De strijd om het beeld: over de behoefte aan censuur
Dit essay uit 1994 bespreekt de groeiende onvrede in de maatschappij, een toenemende behoefte bevrijd te worden van andermans vrijheid, een allengs luider klinkende roep om censuur. Het zichtbaarst is deze onvrede op straat, in graffiti en racistische leuzen, in vernieling van door de overheid geplaatste objecten van kunst en cultuur, en in het inschakelen van de rechter om allerhande voorgenomen of geuite creativiteit te verbieden.
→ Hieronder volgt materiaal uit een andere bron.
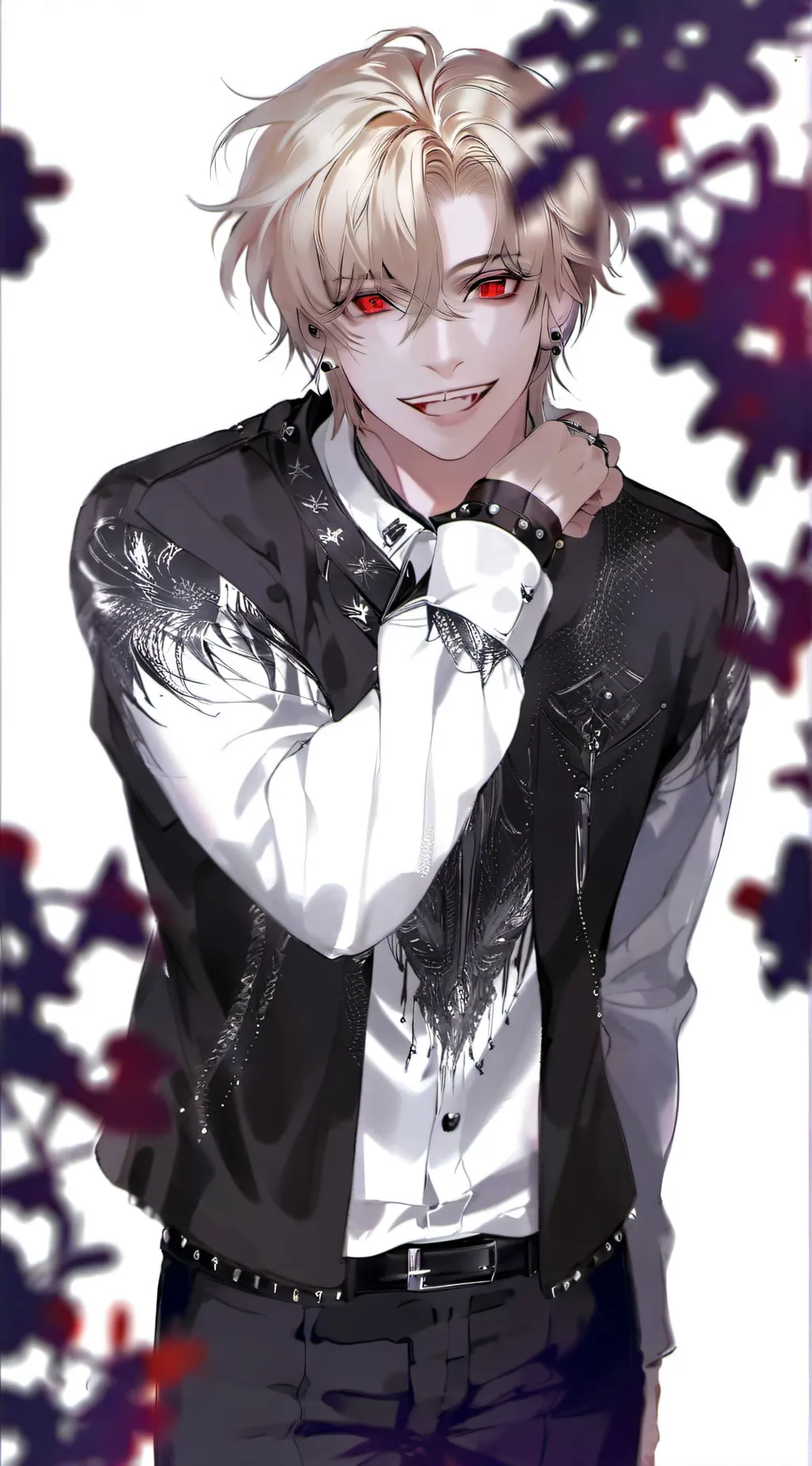 ai character: Katsuki Bakugo background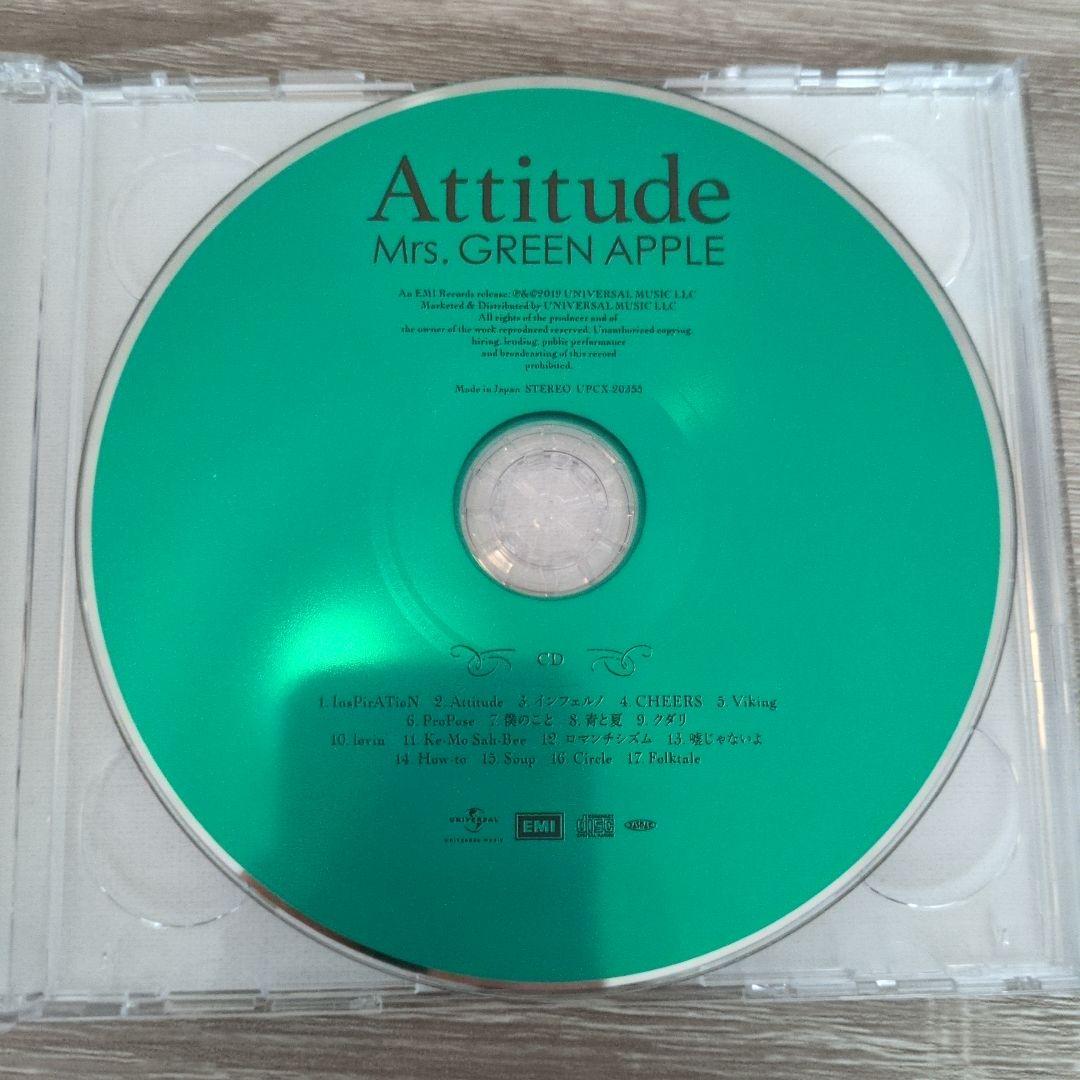 Mrs. GREEN APPLE Attitude 初回限定盤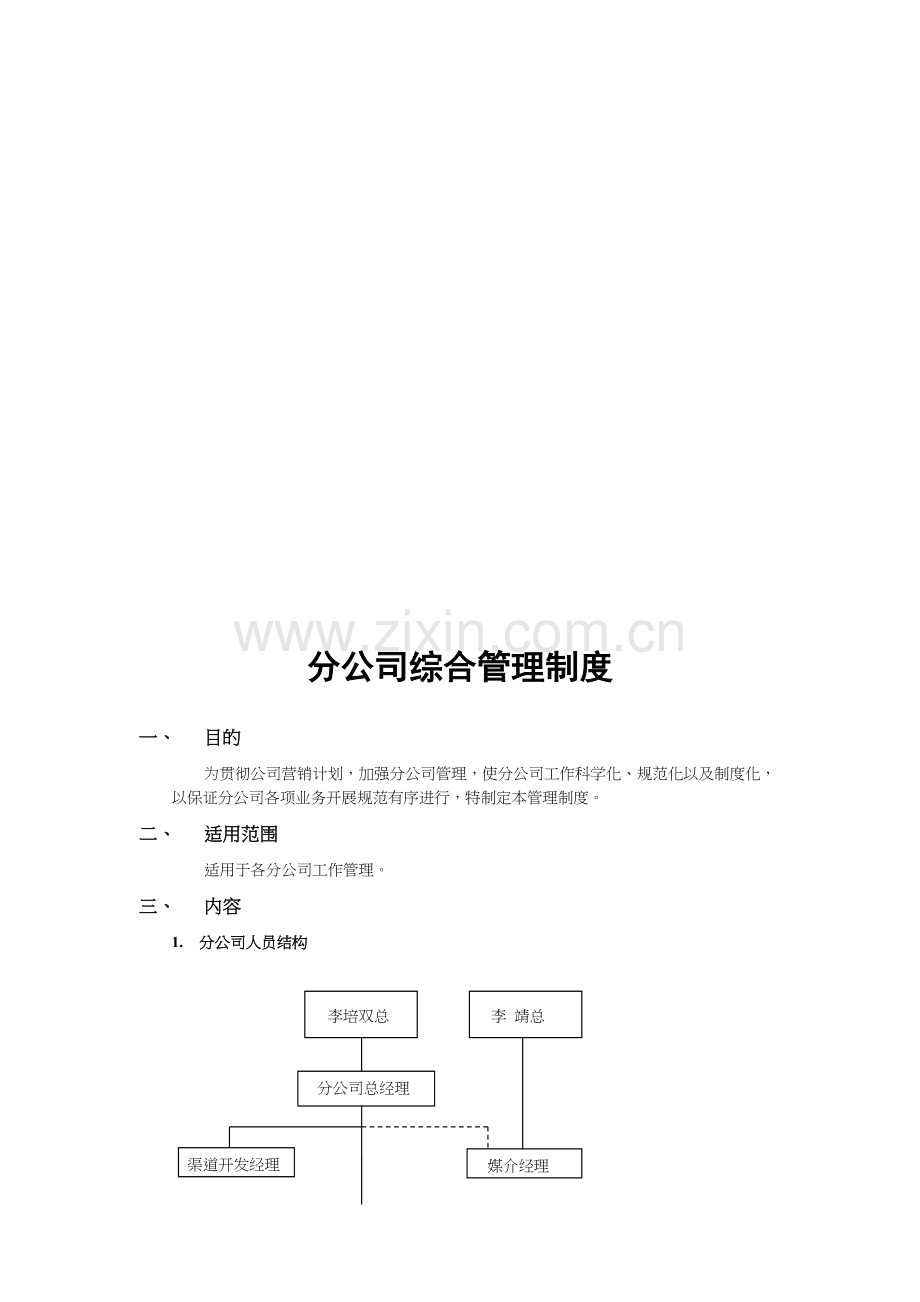 分公司综合管理制度.doc_第1页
Door het afbrokkelen van een dominante cultuur en moraal wordt de strijd om wat wel en niet geaccepteerd kan worden allengs harder. Er is een belangrijk verschil met vroeger: het is niet langer de overheid die toneelvoorstellingen of andere kunstuitingen verbiedt omwille van “de goede zeden” of wat voor argumenten ook. Het zijn de burgers die in actie komen tegen hen onwelgevallige uitingen, woorden en beelden.
In “De strijd om het beeld” gaat het om de grenzen van de artistieke vrijheid in de multiculturele democratie. De kernvraag is hoe we deze vrijheid zo groot mogelijk kunnen houden zonder te vervallen in een politiek-cultureel catch-as-catch-can.